Abstract
Unconventional reservoirs, shale gas and oil for instance, have proven to be an important contributor to hydrocarbon production in North America. Horizontal wells with multiple transverse fractures unlocked these unconventional resources by attaining profitable production rates and increasing gas reserves for future years. A critical challenge in these types of reservoirs is characterizing the stimulated reservoir volume (SRV), by estimating the effective productive volume created during stimulation and quantifying the permeability of the formation.
Recent approaches for rate and pressure data deconvolution have emphasized the benefits of using buildup responses acquired whenever the well is shut-in, often for operational reasons, to assess significant insights about heterogeneity and compartmentalization in conventional reservoirs. However, deconvolution performs poorly when the initial reservoir pressure is unknown and might generate ambiguous results when pressure data accuracy is questionable.

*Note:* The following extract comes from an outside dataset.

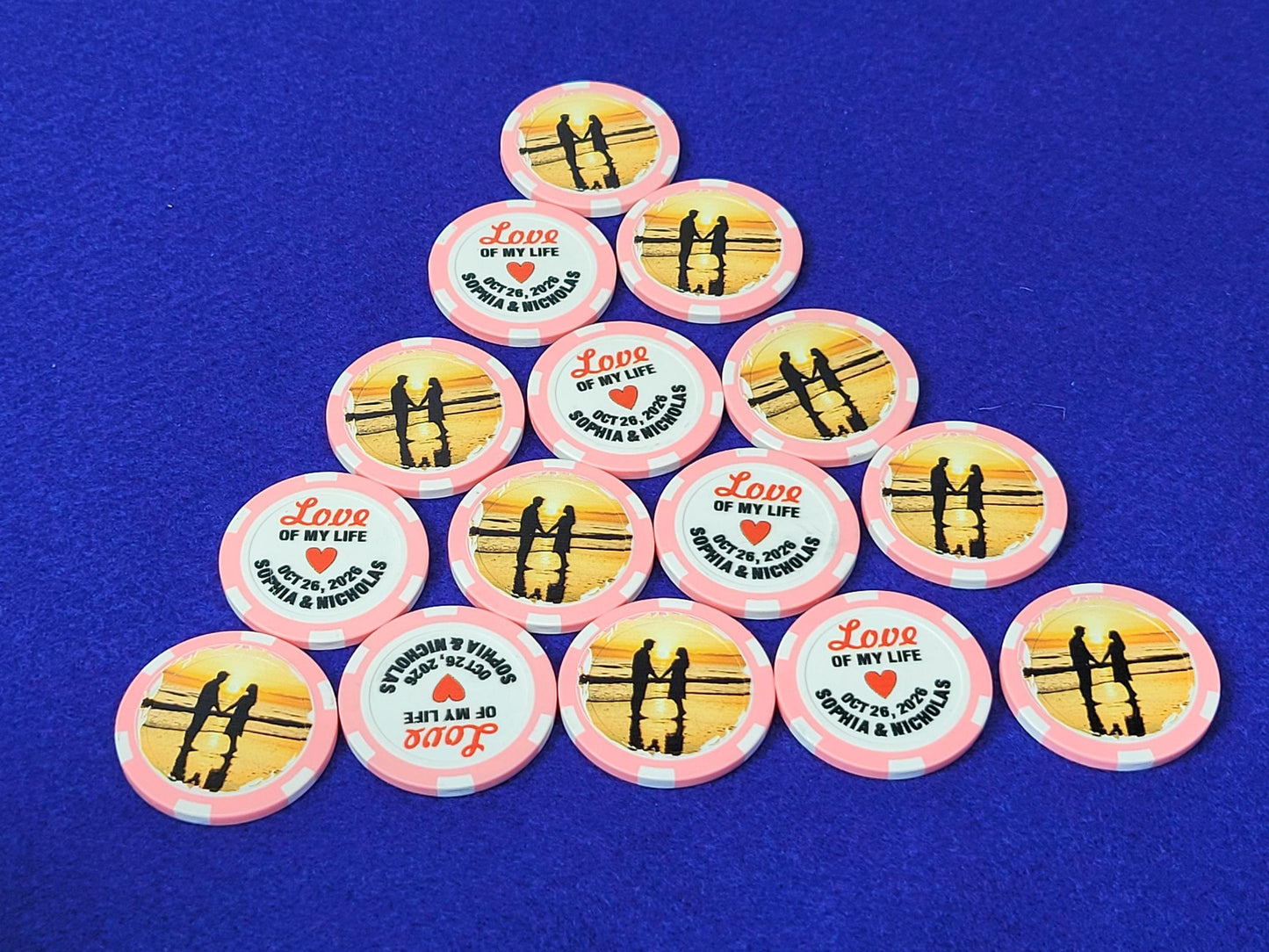 Personalized Wedding Poker Chips: Photo Engagement Announcement - Pack of 12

Regular measurements of daily production rates and wellhead flowing pressures can provide important information about well completion, stimulation, and formation parameters. With effective data processing, rate-normalized pressure (RNP) converts variable-rate and variable-pressure data to an equivalent of the drawdown pressure response to constant-rate production. This reveals flow regimes that enable direct estimation of the formation permeability and the productive fracture extent in the SRV. Subsequently, observed field rates and pressures can be matched with a global model to refine the estimates from the flow regime analysis. Although numerical models can be used to match the data, in this study we employed an analytical flow regime equations that provides fast and accurate results that can be easily programmed.
The proposed methodology was applied to production data from Barnett shale wells providing excellent results and demonstrating an efficient, fast, and cost effective method to estimate critical well and formation parameters in unconventional reservoirs. The same methodology can be used to diagnose wells from other unconventional resources.